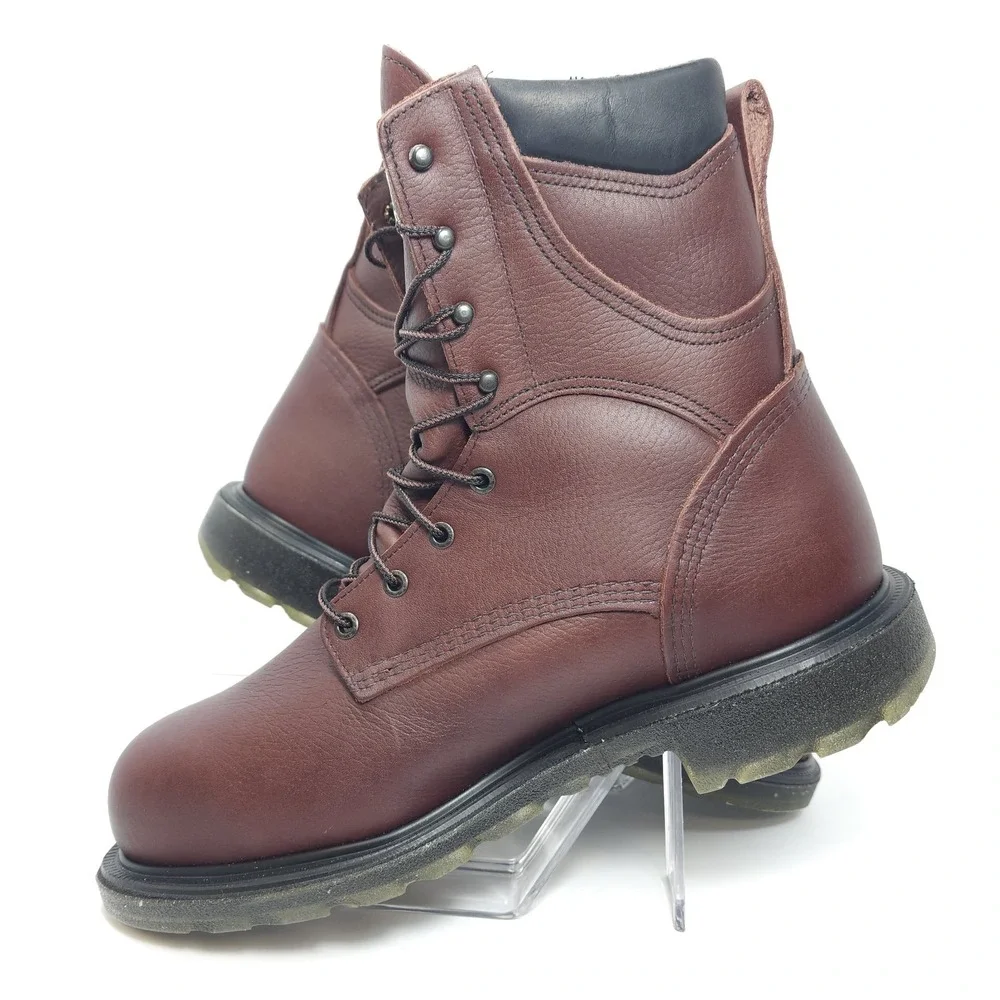 Red Wing 2412 Insulated Waterproof Steel Toe SuperSole 2.0 Slip Resistant Men 12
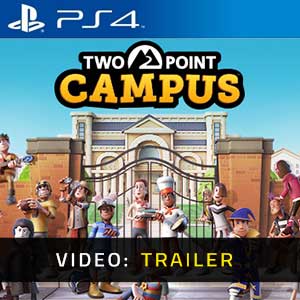 Two Point Campus PS4 Video Trailer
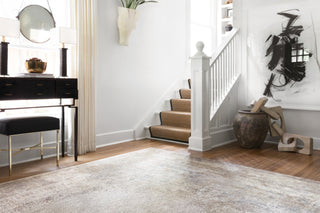 The Rug Corner Loloi Sienne Ivory / Pebble  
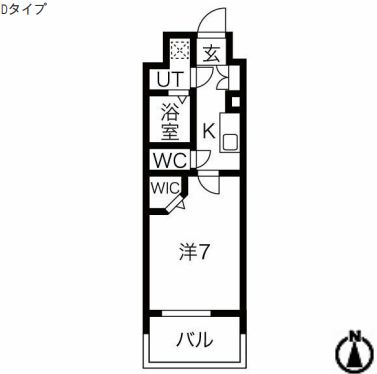 物件○○の間取り図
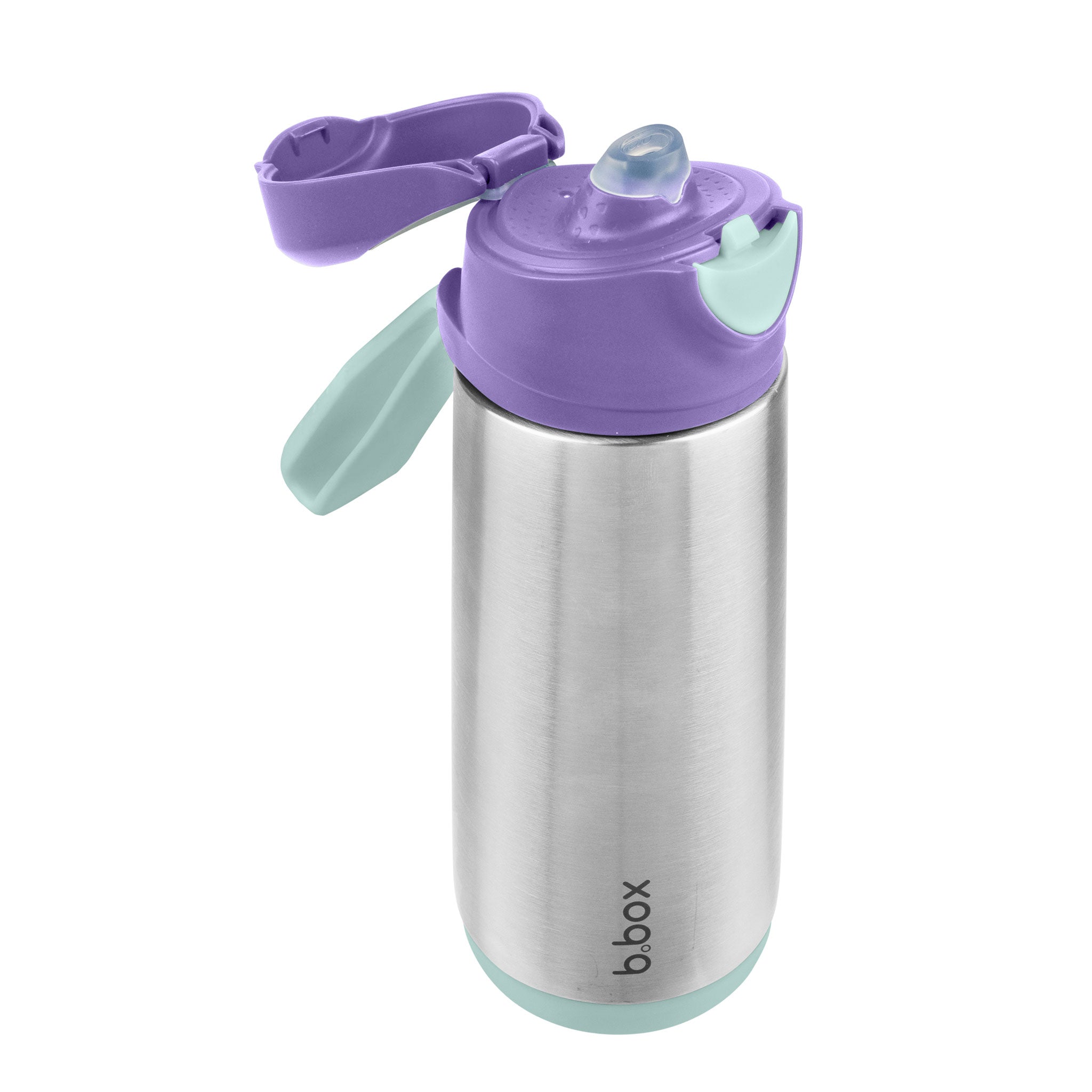 *b.box* Insulated spout bottle 500ml ステンレススパウトボトル - lilac pop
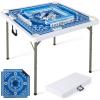 Ocean Blue  Table w/Removable Mat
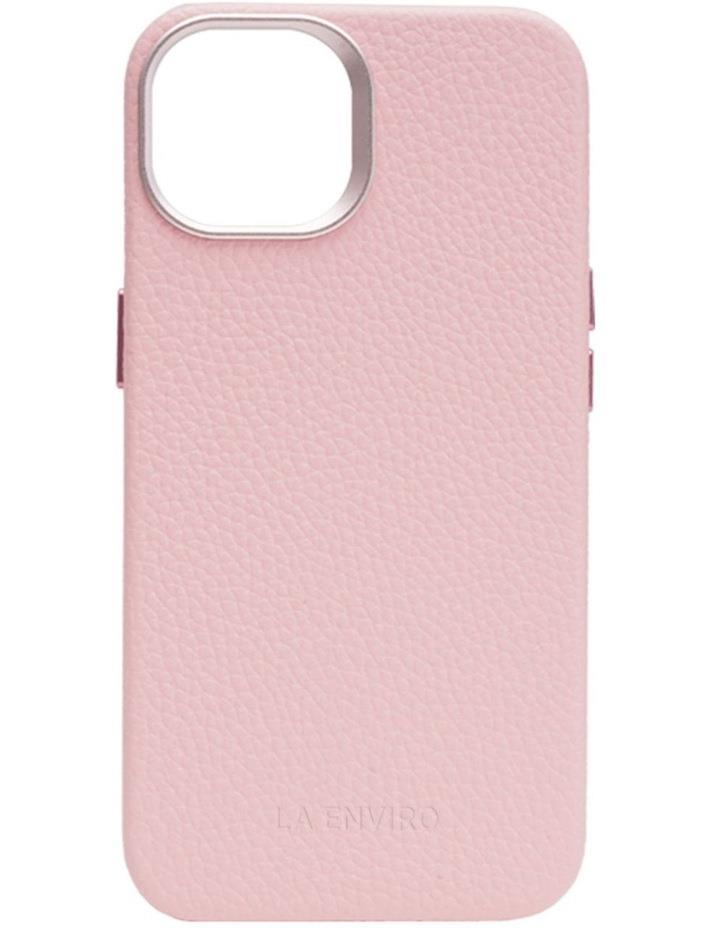 La Enviro iPhone 14 Pebble Plus Magsafe Case With Screen Protector in Pink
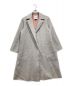 Clothing ISETAN MITSUKOSHI（クロージング イセタンミツコシ）の古着「カシミヤコート」｜グレー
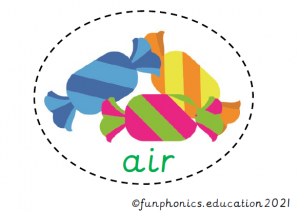 Fine motor phonics activity, toys and games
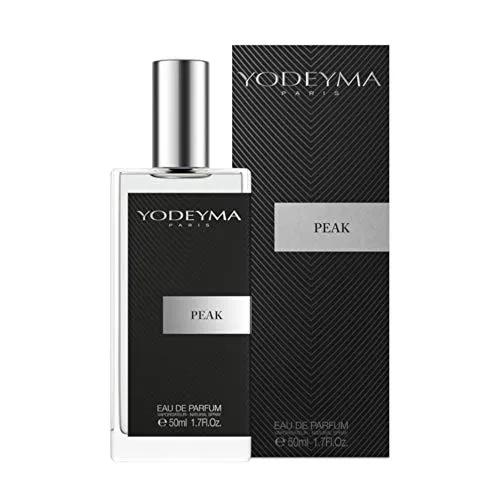 YODEYMA Parfum Peak - Eau de Parfum für Herren 50 ml - Herrendüfte mit einem einzigartigen Duftprofil, das Frische und Eleganz vereint. Ideal für den modernen Mann, der einen bleibenden Eindruck hinterlassen möchte.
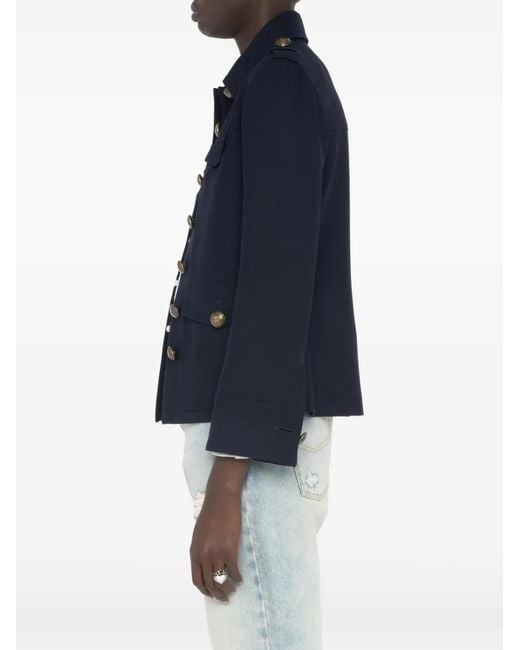 Zadig & Voltaire Blue Veraman Blazer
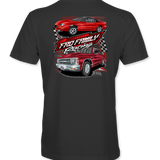 Fro Family Racing T-Shirts Black Acid Apparel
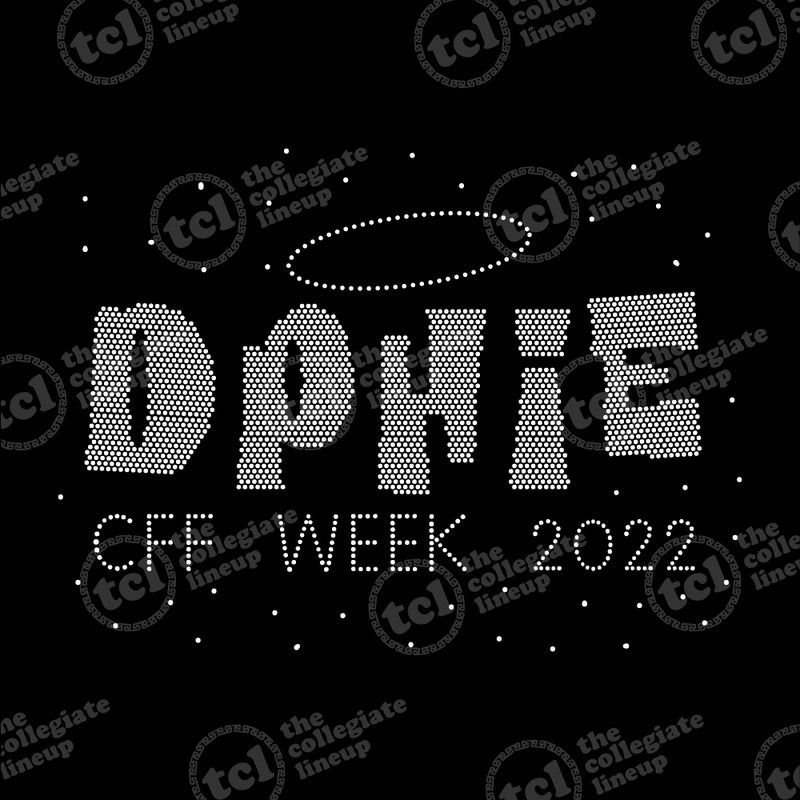 Delta Phi Epsilon CFF Week 2022 T-Shirt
○ ○ ○ ○
Description of the task: Print once more, exactly, the lines from the one with "Zadig & Voltaire Blue Veraman Blazer" through the last line of the data, both ends included, without any pictures.

Solution to the problem:
 Zadig & Voltaire Blue Veraman Blazer
 Fro Family Racing T-Shirts Black Acid Apparel
 Delta Phi Epsilon CFF Week 2022 T-Shirt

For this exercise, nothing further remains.